• 門を入ると、ほぼ直角に曲がるアプローチがエントランスへ続く。プライバシーに配慮し、通りから直接見えないようにしながら、別世界の始まりという意味も持たせた。

  • 「ヨーロッパのリゾートが好き」というTさんの好みをふまえ、瓦屋根が印象的な、スパニッシュスタイルの外観を提案。ヤシの木がリゾート気分を高めてくれる。

  • リビングからつながるオープンテラス。陽当りがよく、晴れた週末はテーブル、椅子を用意してランチタイムを過ごすことも。友人・知人を招くパーティでも重宝するスペース。

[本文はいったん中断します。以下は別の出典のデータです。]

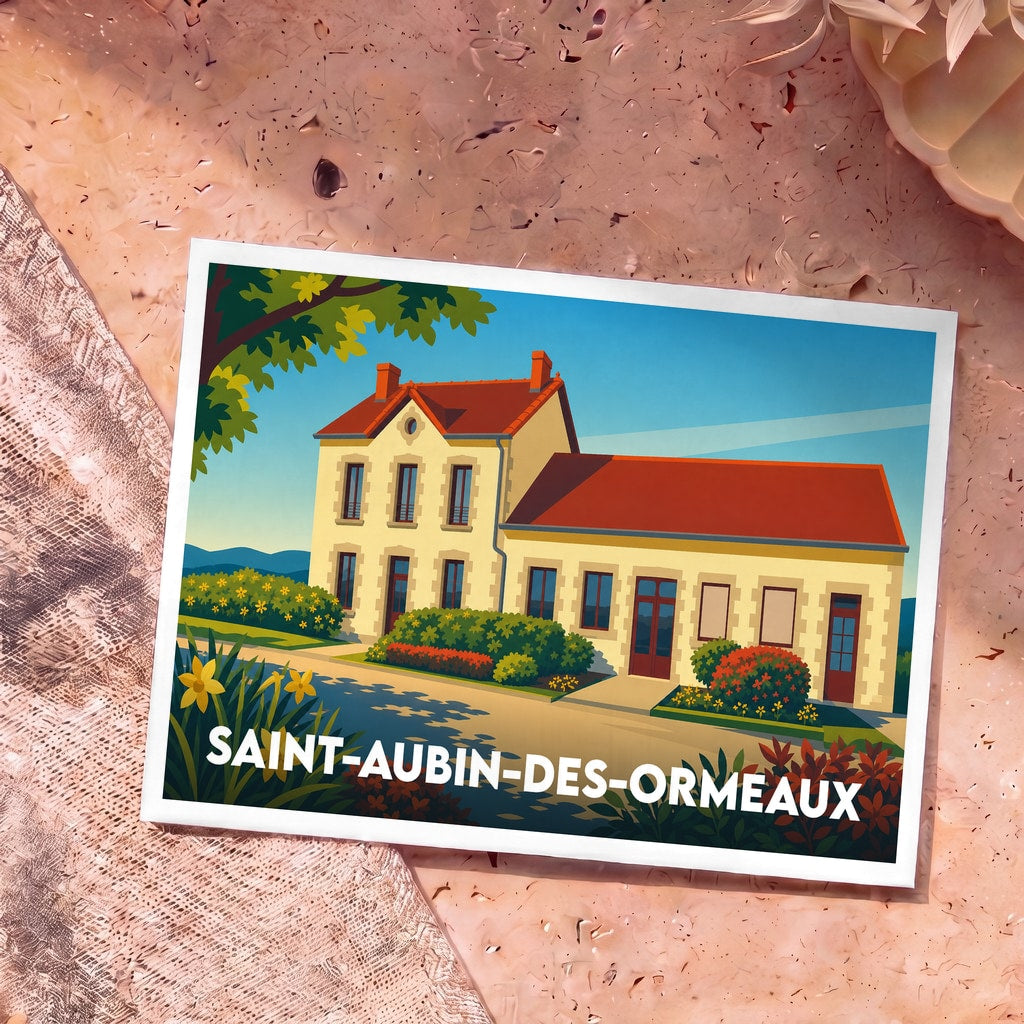 Carte postale souvenir de la ville de Saint-Aubin-des-Ormeaux avec une illustration stylisée de sa mairie.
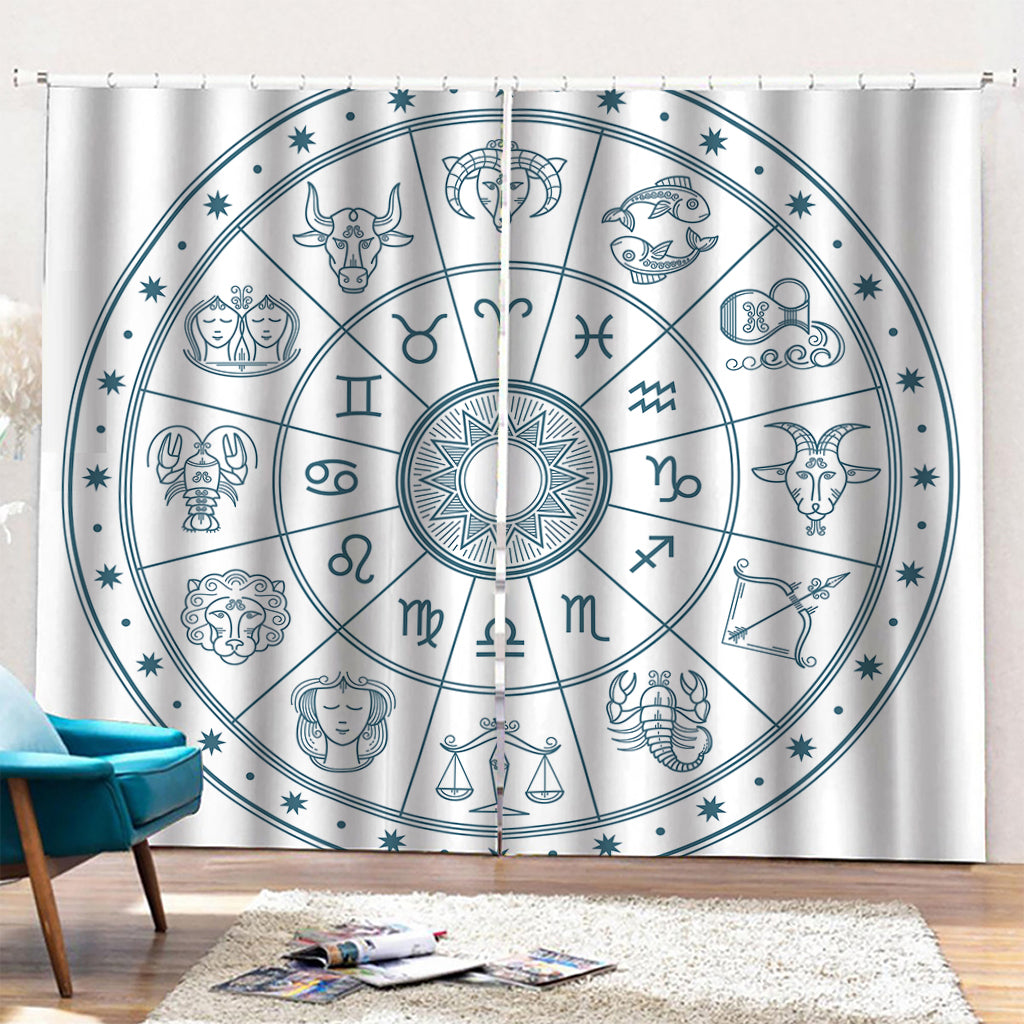 Zodiac Astrology Signs Print Pencil Pleat Curtains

  • エントランスにはカヴァードポーチを備え、ここでもプライバシーに配慮。上がハーフラウンドになった木製のドアは輸入物で、アイアン装飾もあり、リゾート感が高まる印象だ。

  • タイルとモザイクタイルが空間を演出するエントランス。照明を設置した折り上げ部分の内側にもモザイクタイルが貼ってある。奥に窓を設置することで十分な奥行きも表現。

  • 手前はダイニング、向こうはリビング。2つの空間を完全に区切るのではなく、アーチの壁を境に世界が変わる間取りに。床のタイルは同素材で別の色を使い分けている。

  • タイルと木材を組み合わせた床、天井の梁の装飾など、デザイン的に見るべきところも多いリビング。積石造のヨーロッパの建築をモチーフに、窓の上部はハーフラウンドにしてある。

  • 南欧リゾート風邸宅に和室を違和感なくなじませるため、廊下の部分に欧米のジャポニズム的な要素を取り入れた。緩衝材的な空間であり、洋と和をつなぐ位置づけだ。

  • 純粋な和室ではなく、和モダンといったテイストでまとめてある。床の間があるべきところには、輸入の天然石を使った「床石」に。雪見窓の向こうは和風の庭になっている。

  • お客様も使うことがあるトイレは、壁にモールディングを施したアーチを描き、その中にモザイクタイルを張るなど、デザイン的に遊び心ある空間となっている。

南欧リゾートで見る夢のように、心地よい空間

空間の移り変わりを表現するデザインの力

スパニッシュ風の瓦屋根、陽あたりのいいテラス、庭に植えられたヤシの木など、南欧のリゾートに建つ、瀟洒な低層リゾートホテルのようなたたずまいのT邸。リゾートで過ごす時間は、移動するたびに、映画のワンシーンのように見える光景が移り変わるもの。参會堂がT邸で実現したのも、その移り変わりである。
物語は、通りに面した門から始まる。アプローチまでを直線ではなく、90°の角度をつけることで、門からエントランスが見えないようになっている。一歩足を踏み入れたときから、時間の流れが切り替わる演出だ。エントランスホールは廊下の奥に窓があり、その先はパティオのような裏庭の緑。日常とは切り離した、特別な時間の始まりを表現している。
木製の梁、ヘリンボーンに組んだフローリングが印象的なリビングと、隣のダイニングをつなぐのは、アール開口の身近なトンネル。ダイニングは床がタイル張りとなっており、空間としてつながりながら、見える光景は明らかに異なる仕掛けだ。
時間の流れ、見える光景の移り変わりが、象徴的にあらわれるのが和室。当初のからのリクエストだったが、南欧リゾートから和モダンの空間へ至る廊下は、照明を落とし、玉砂利を敷いたトンネルを思わせる雰囲気で、その先に広がる光景に胸が高鳴る。
映画のワンシーンは、細部にこだわることでより印象的なものになる。T邸の場合、それはタイル、モザイクタイルの使い方だろう。エントランスホールの照明の内側や、トイレのアール開口風装飾の中にも、さり気なく張られたモザイクタイル。細かな意匠が物語の句読点となり、次のシーンへと切り替わる。心地よいリズム感が表現されているのだ。